## [What to produce]
If a record holds a picture, drop the picture and copy everything else exactly.

## [Stored data]
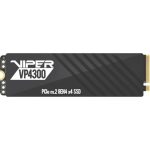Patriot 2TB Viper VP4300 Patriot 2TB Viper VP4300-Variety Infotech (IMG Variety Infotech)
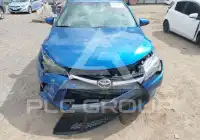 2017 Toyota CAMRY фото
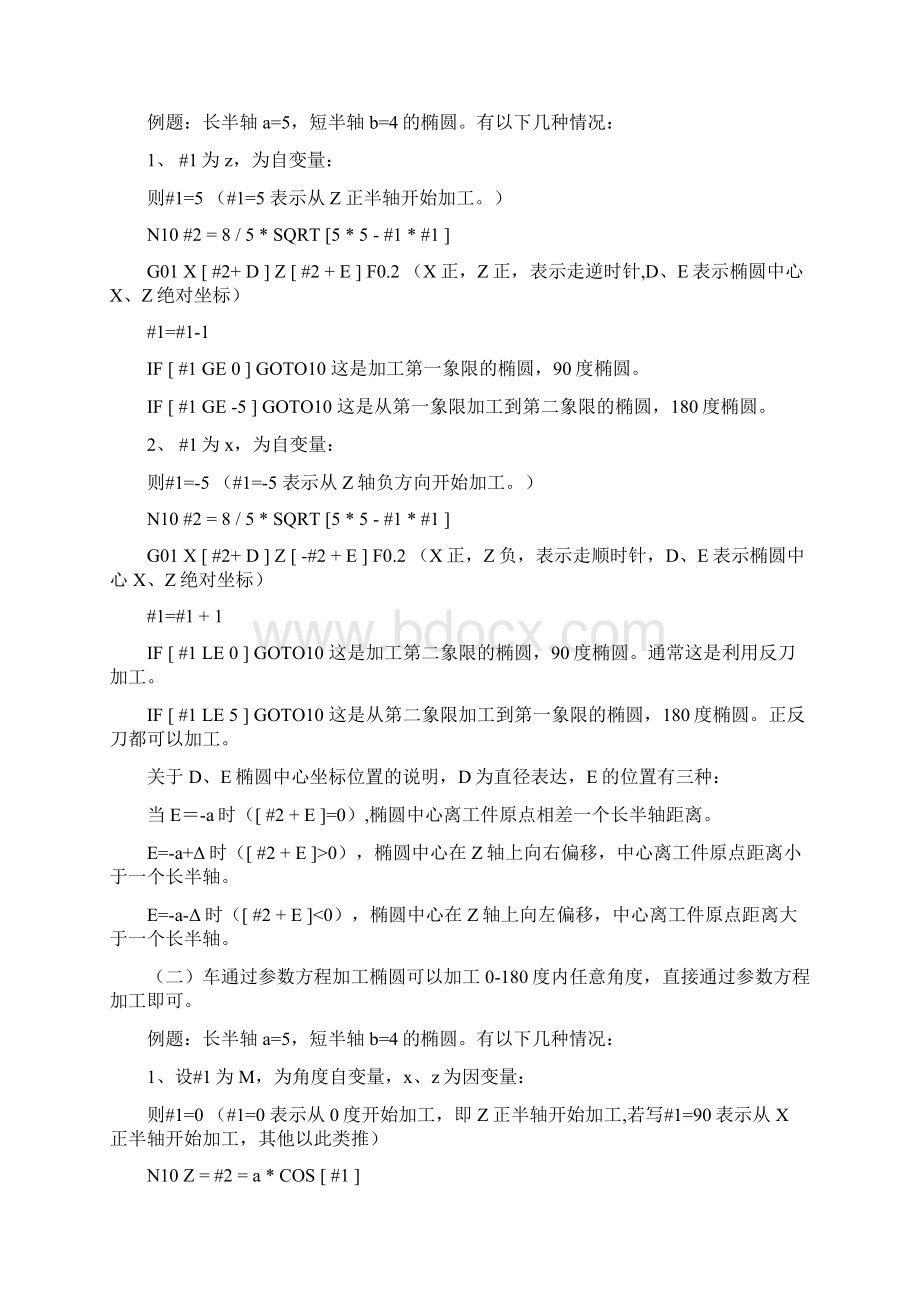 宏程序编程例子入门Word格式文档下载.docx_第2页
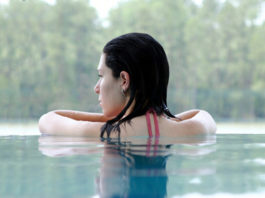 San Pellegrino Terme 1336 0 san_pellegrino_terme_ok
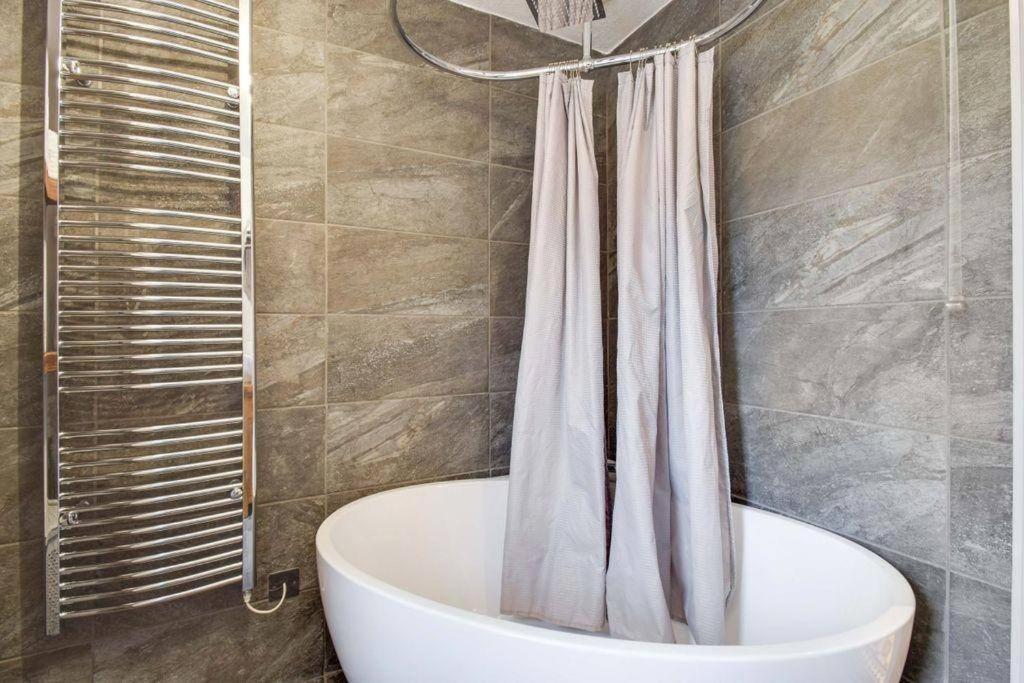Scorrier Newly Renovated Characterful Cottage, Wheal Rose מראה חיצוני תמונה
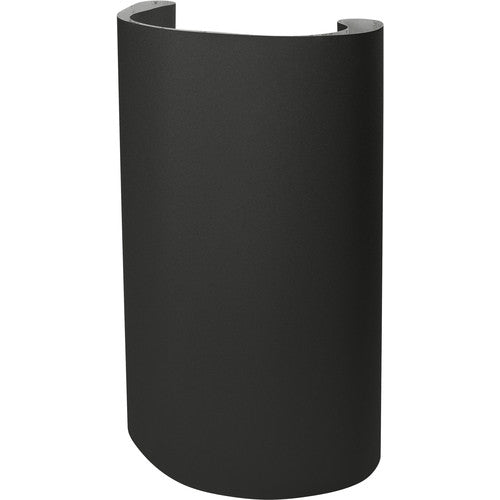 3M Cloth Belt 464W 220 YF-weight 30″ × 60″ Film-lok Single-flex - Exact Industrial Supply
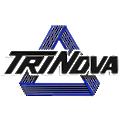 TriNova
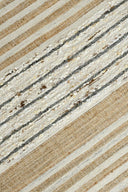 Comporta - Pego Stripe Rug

## [Task result]
Patriot 2TB Viper VP4300 Patriot 2TB Viper VP4300-Variety Infotech (IMG Variety Infotech)
 2017 Toyota CAMRY фото
 宏程序编程例子入门Word格式文档下载.docx_第2页
 San Pellegrino Terme 1336 0 san_pellegrino_terme_ok
Scorrier Newly Renovated Characterful Cottage, Wheal Rose מראה חיצוני תמונה
 3M Cloth Belt 464W 220 YF-weight 30″ × 60″ Film-lok Single-flex - Exact Industrial Supply
 TriNova
 Comporta - Pego Stripe Rug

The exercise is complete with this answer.